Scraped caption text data
==========
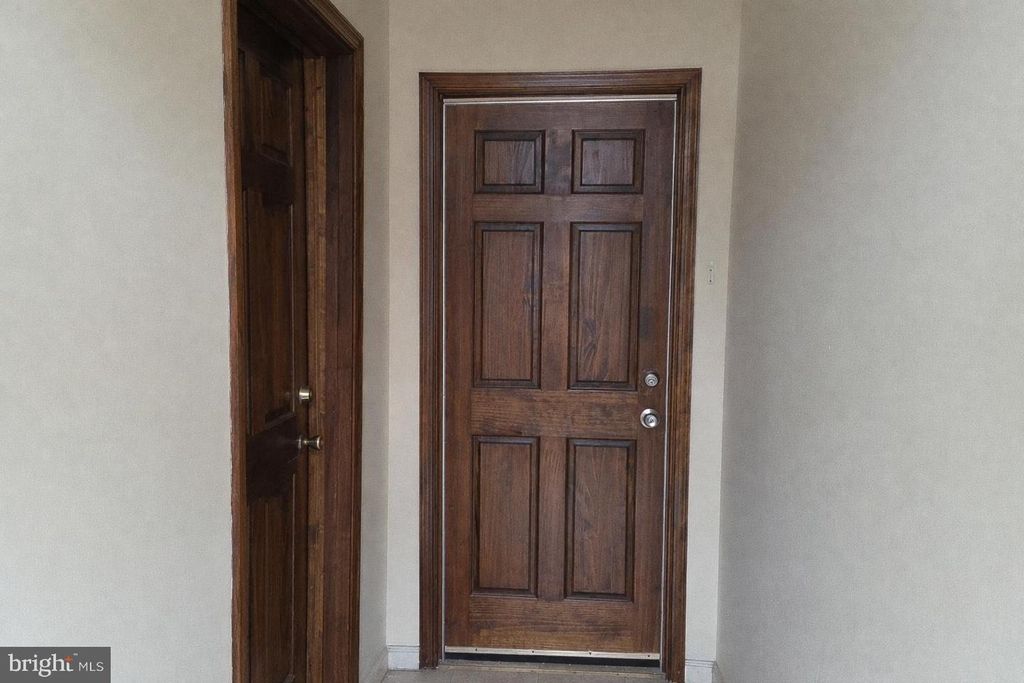 141 S MULBERRY ST, Hagerstown, MD 21740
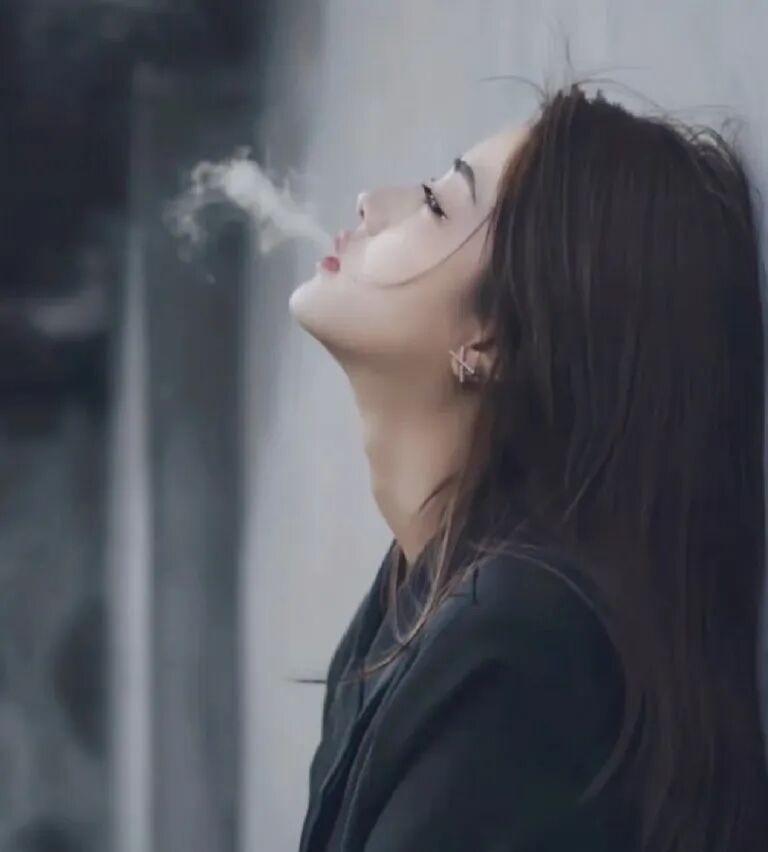 曾经在抖音上刷到过一个视频提问：
假如30年后，你送走了父母最后一程，世上再无至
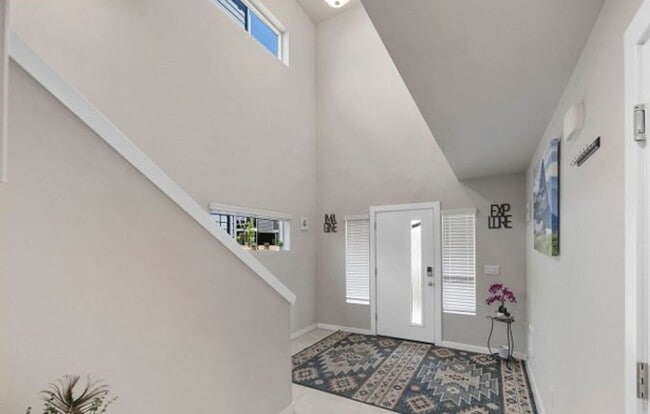 Building Photo - Modern 4-Bed Home in Northshore School District with A/C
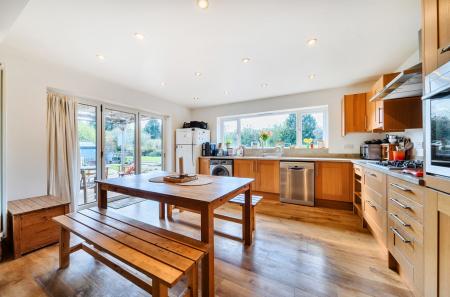 1430025-10-69ceb0...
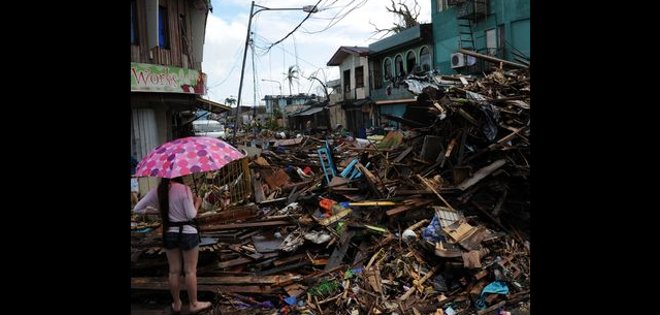 Filipinas declara el estado de calamidad tras el azote del tifón Haiyán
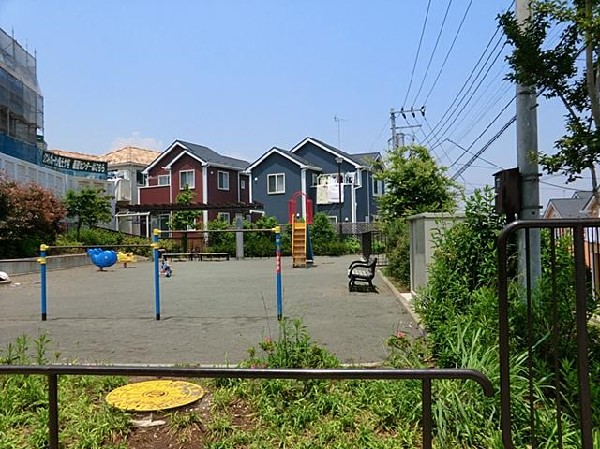 周辺環境:仏向猪ノ久保公園(仏向猪ノ久保公園まで400m)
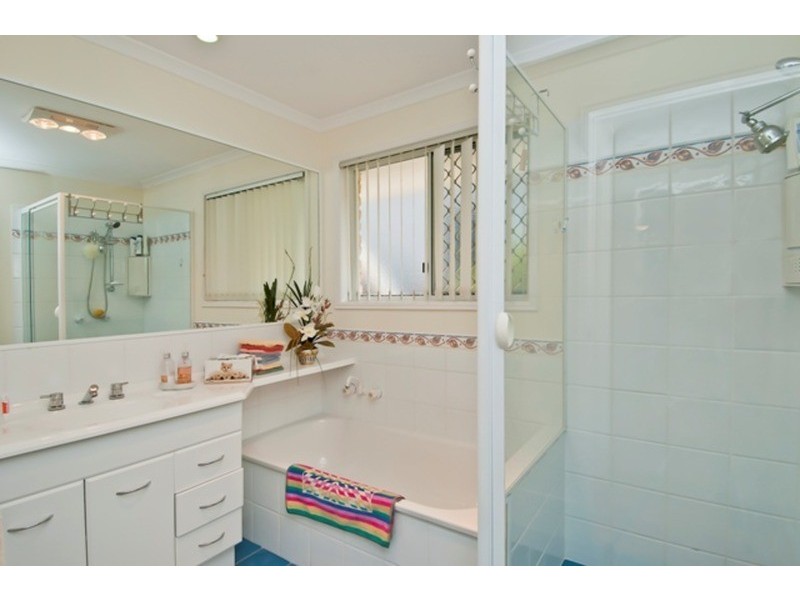 32 Pago Terrace, Pacific Pines QLD 4211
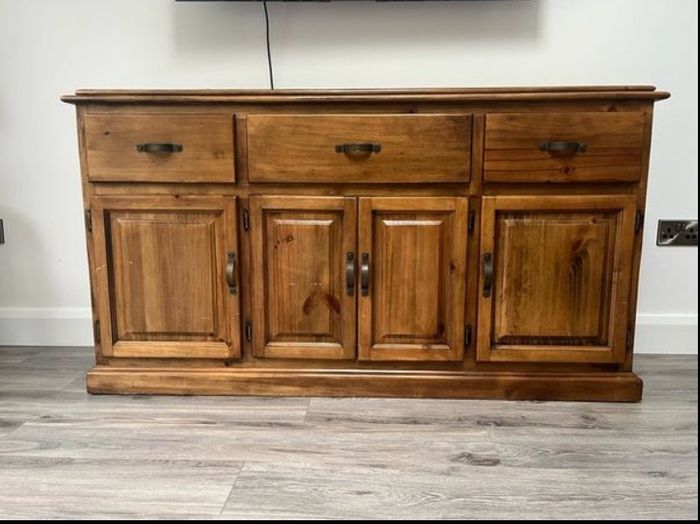 sideboard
==========
WHAT THIS TASK INVOLVES: Your reply should hold only the records, duplicated exactly, without any image.

OUTPUT BELOW:
 141 S MULBERRY ST, Hagerstown, MD 21740
 曾经在抖音上刷到过一个视频提问：
假如30年后，你送走了父母最后一程，世上再无至
 Building Photo - Modern 4-Bed Home in Northshore School District with A/C
 1430025-10-69ceb0...
 Filipinas declara el estado de calamidad tras el azote del tifón Haiyán
 周辺環境:仏向猪ノ久保公園(仏向猪ノ久保公園まで400m)
 32 Pago Terrace, Pacific Pines QLD 4211
 sideboard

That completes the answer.